Tuesday, October 9, 2007
Site of Scott's Massacre - November 30, 1817
This photo, actually taken from the Gadsden County side of the Apalachicola River, shows the site of the bloodiest battle of the First Seminole War.
The river here forms the dividing line between Jackson and Gadsden Counties. Jackson County is on the right or west side of the stream and Gadsden County is on the left or east. On November 30, 1817, an army supply boat manned by 40 men from the 7th U.S. Infantry Regiment made its way around the sharp bend seen here. Due to the strength of the current, the boat was forced to navigate close to the east bank of the river. Although they had been warned of the possibility of attack, the soldiers were not prepared when a large force of Creek and Seminole warriors opened fire from hidden positions along the shore.
The commander of the boat, Lieutenant Richard W. Scott, and most of his men were killed or wounded in the first volley. As the warriors stormed the boat, six men managed to escape by leaping overboard and swimming across to the Jackson County shore. The rest were killed. Search parties later found the bodies of 34 men at the site.

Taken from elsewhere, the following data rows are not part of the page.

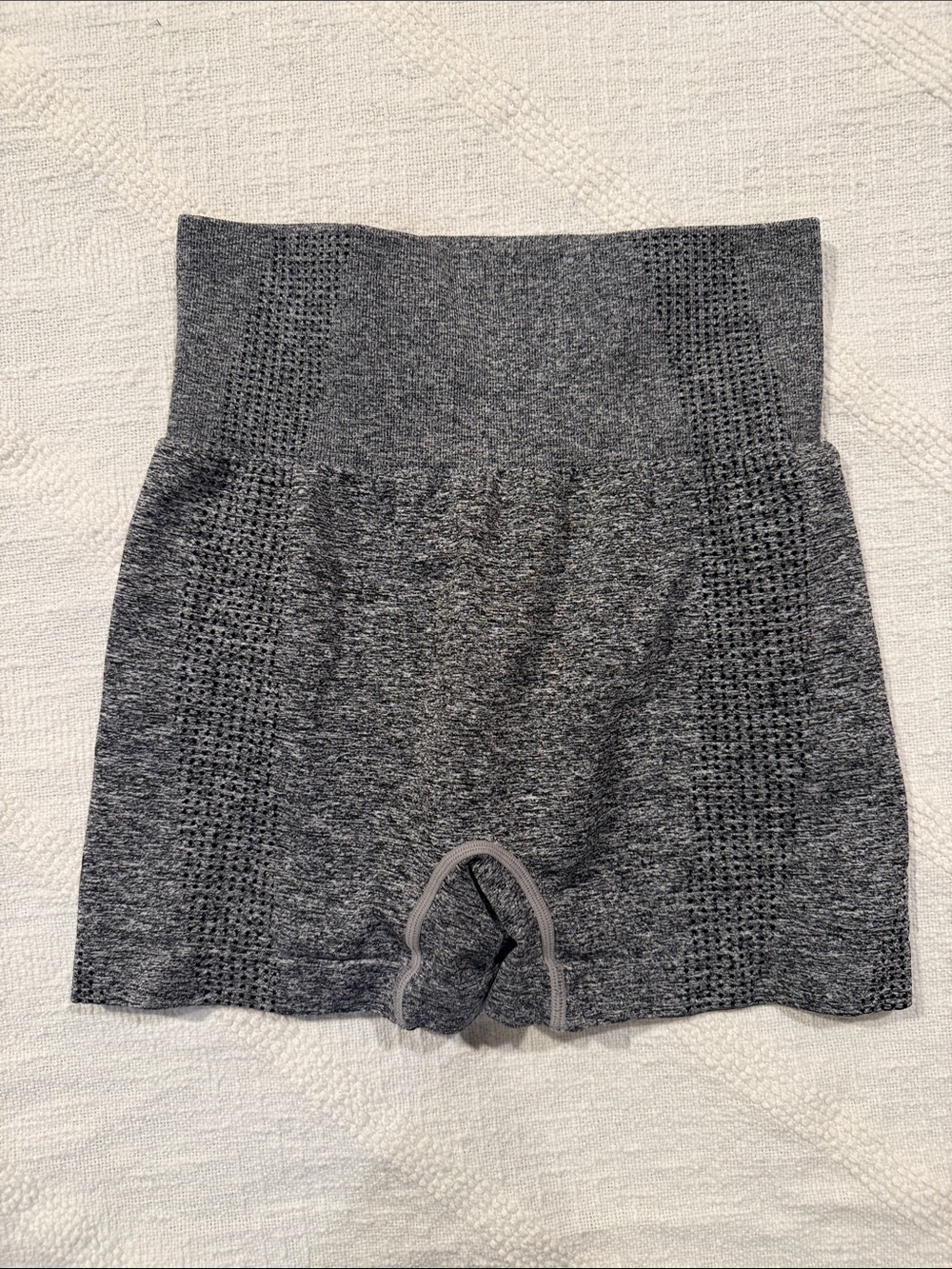 High-Waist Gray Seamless Women’s Shorts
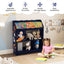 Kids Toy Storage Organizer with Bookshelf - Navy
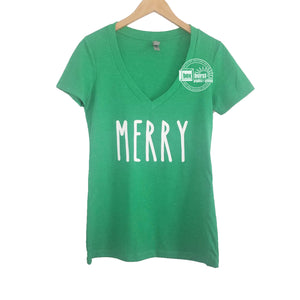 Merry women's v neck soft style shirt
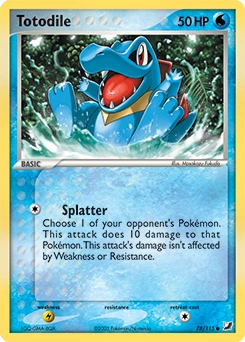 Totodile Pokémon card, number 78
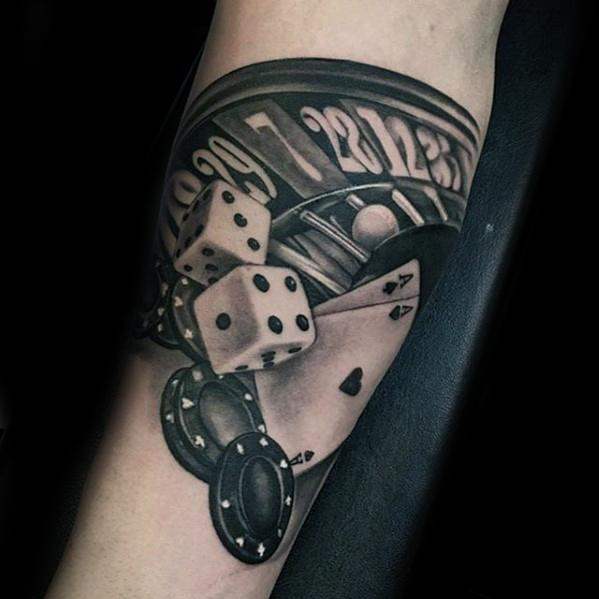 tatuagem poker 17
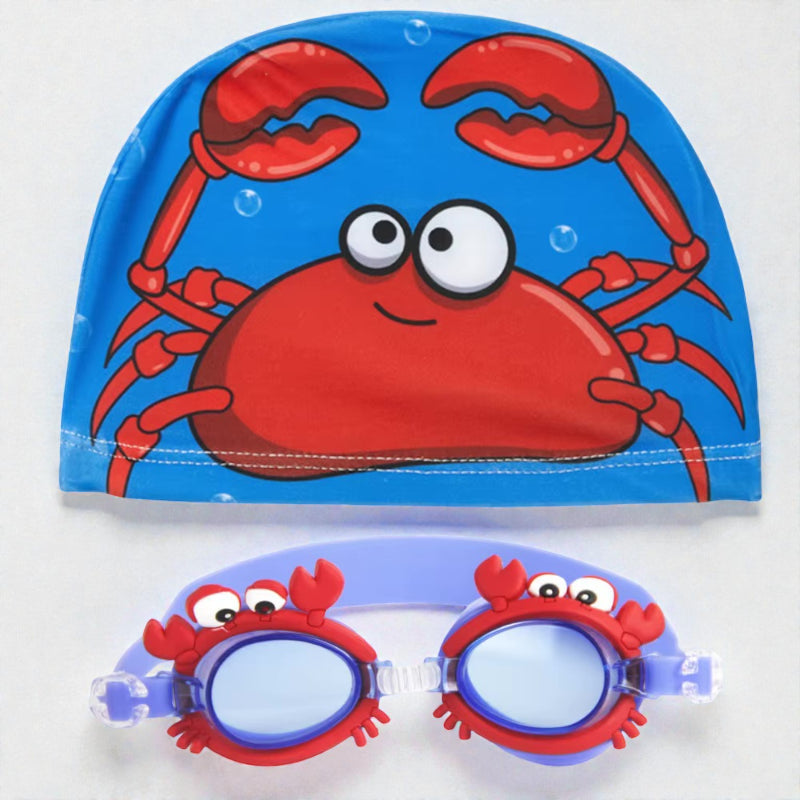 Cadeau – Bonnet & Lunettes de bain enfant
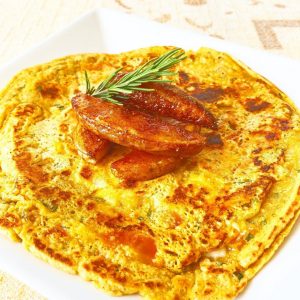 Receita de omelete vegano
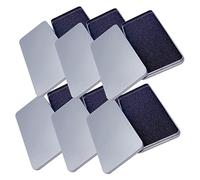 Parliky 6 pièces Boîte de Rangement Fer pour Coque de Téléphone Lot de Boîtes Rectangulaires Portables avec Mousse Protectrice Étui de Protection pour Écran Verre Organisation de Bureau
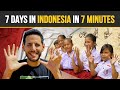 7 Days In Indonesia In 7 Minutes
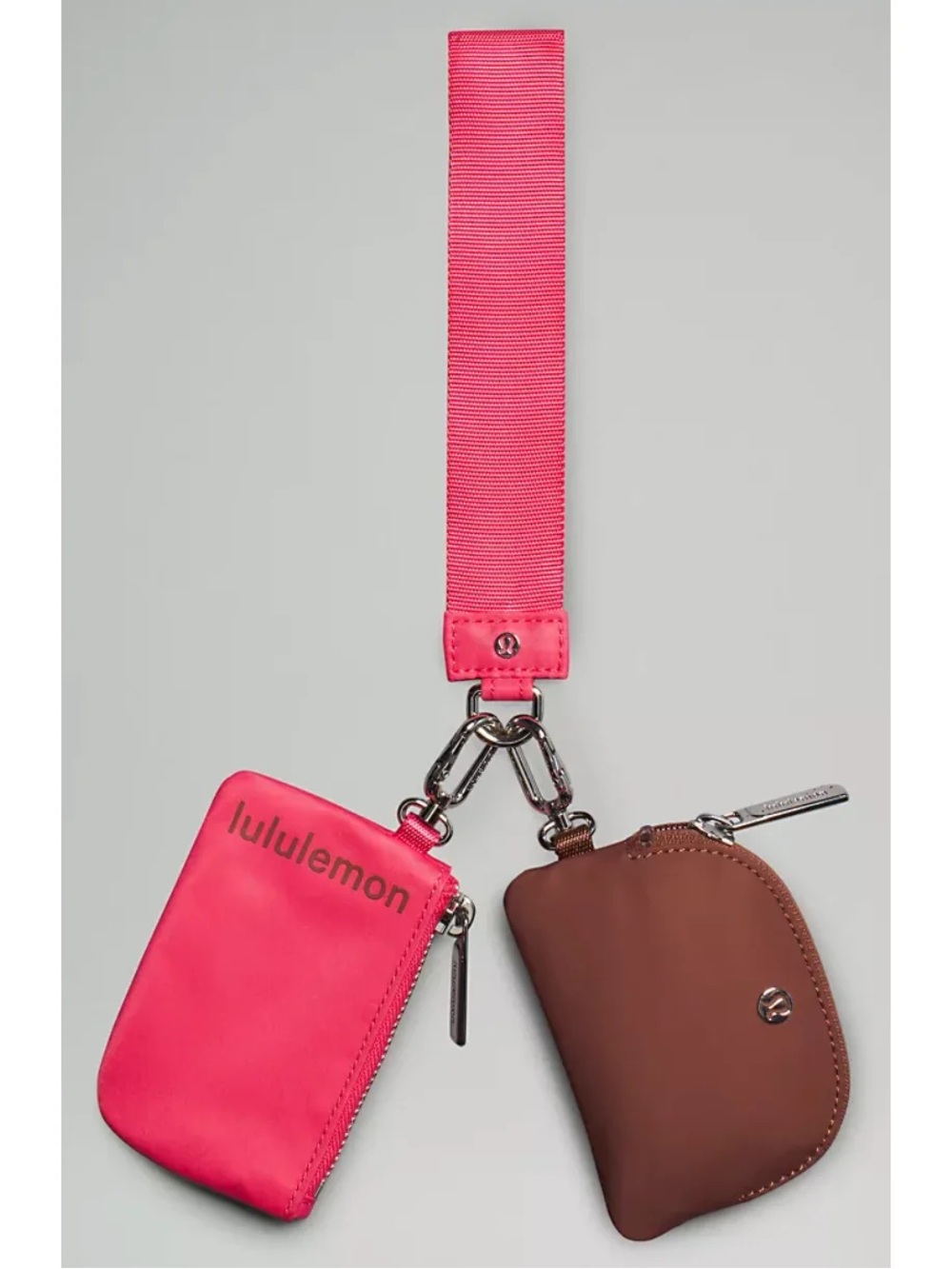 Lululemon Dual Pouch Wristlet combination is Ancient
Copper/Glaze Pink/Orange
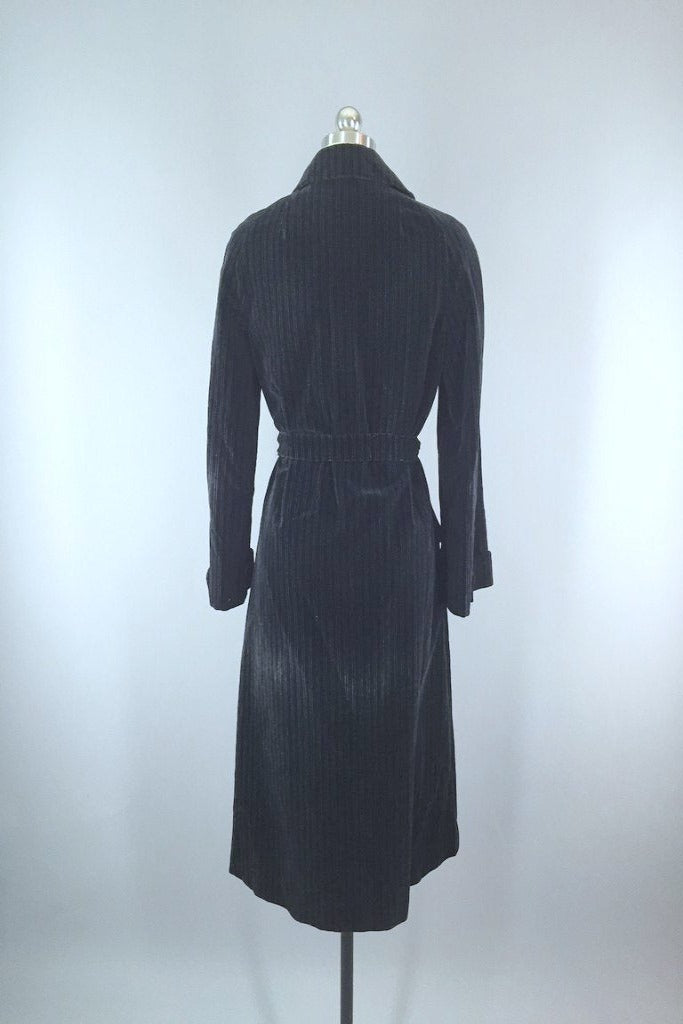 Vintage Black Velvet Coat-ThisBlueBird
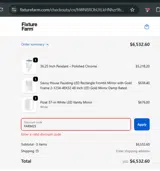 FARM25 coupon verification screenshot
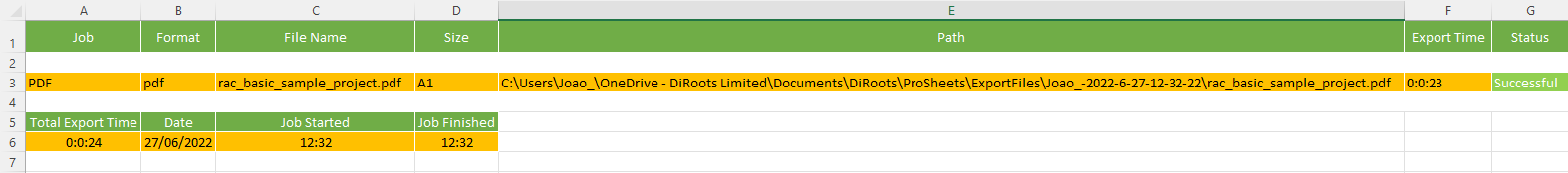 ProSheets Revit导出报告在Excel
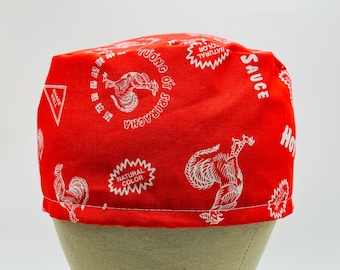 Casquette Siracha, Bonnet pour hamburgers, Casquette chirurgicale, Casquette alimentaire, Service de restauration, Agent de santé, Bonnet en coton, Casquette amusante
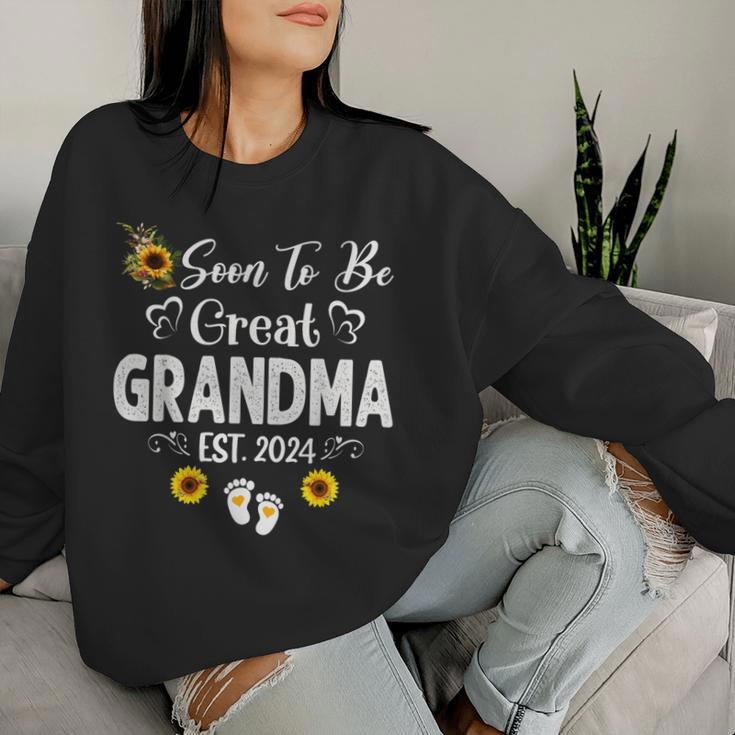 Soon To Be Great Grandma 2024 First Time Grandma Women Sweatshirt Gifts for Her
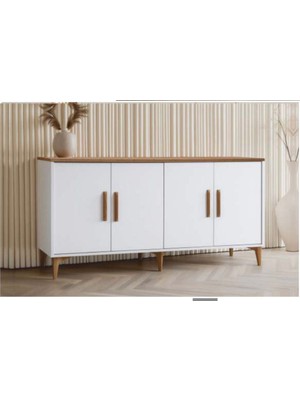 Aydın Karaca Mobilya Antep Beyaz / Ceviz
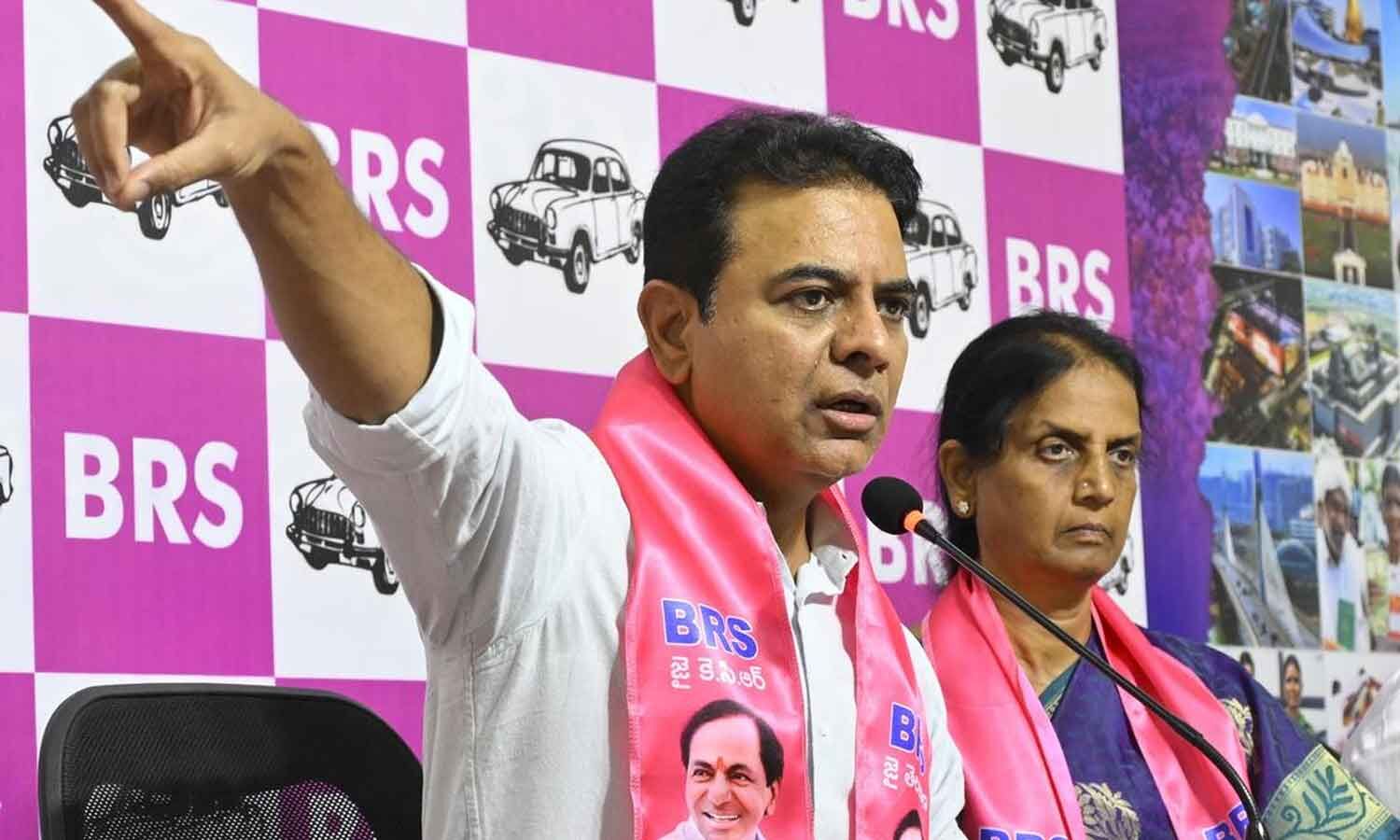 KTR Urges Revanth to Resolve Sircilla JNTU Campus Delays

In addition to the soldiers, 7 women and 4 children (family members of soldiers) were on the boat at the time of the attack. All but one of these, a Mrs. Stewart, were killed. She was taken prisoner by the warriors, but was rescued the following year by troops under Andrew Jackson.
The attack on Scott's party was made in retaliation for U.S. Army attacks on the Lower Creek village of Fowltown in what is now Decatur County, Georgia. The village, home of the chief Neamathla (Eneah Emathla), was attacked on both November 21st and November 23rd, 1817, after the chief refused to come to nearby Fort Scott for a conference. Fowltown warriors were among those who carried out the retaliatory attack on Scott's command.